По версии Динена, современные либеральные элиты пытаются навязать беспрецедентный социальный либертарианизм из своих командных центров в правительстве, корпоративной бюрократии, университетах, школах, судах, индустрии развлечений и социальных сетях. Несмотря на их мнимую оппозицию иерархиям (которая позволяет им скрывать свои элитарные статусы от самих себя), они быстро утверждают свои полномочия и компетентность. Несмотря на меритократические претензии, они ценят «разнообразие, равенство и инклюзивность» больше, чем талант. Несмотря на провозглашаемую веру в науку и рациональность, они клеймят тех, кто ставит под сомнение данные, касающиеся, скажем, гендерно-утверждающей терапии. Они абсолютно убеждены в своей правоте и не терпят ни вопросов, ни несогласия.

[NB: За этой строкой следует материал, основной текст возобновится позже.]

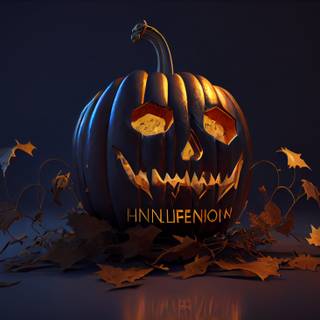 Logo Halloween wallpaper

Несмотря на декларации о «толерантности», они верят, подобно Миллю, что «деспотизм является законным методом обращения с варварами, если целью является их улучшение». По-видимому, современные либералы считают сегодняшний народ «варварами» и ради их «улучшения» прибегают к новому виду «деспотизма» через кадровую политику, культуру отмены и «деплатформинг».

Современное стремление к тому, что Фрэнсис Бэкон назвал «расширением границ человеческой империи», пугает Динена и вдохновляет Мойна.

Динен рассматривает марксизм как еще одну форму прогрессивного деспотизма. Таким образом, в книге, «Ostensibly» посвящённой либерализму, настоящими объектами его опасений становятся модерность и прогресс. Хотя марксисты нередко ненавидят либералов больше, чем консерваторов, марксизм, по словам Динена, является «прогрессивизмом народа», политикой прогресса, направленной на освобождение всего человечества, а не только богатых и образованных. Маркс в Манифесте коммунистической партии призывал к революции не только против капитализма, но и против любых форм стабильности, празднуя разрушение «закостенелых» отношений, свойственных капитализму. Однако, как отмечает Динен, марксисты никогда не были уверены, что пролетариат примет идеал постоянной революции. Ленин и большевики осознали, что прогресс требует вмешательства элиты, чтобы взять власть в свои руки. Для Динена как либералы, так и марксисты видят в народе главный барьер на пути прогресса.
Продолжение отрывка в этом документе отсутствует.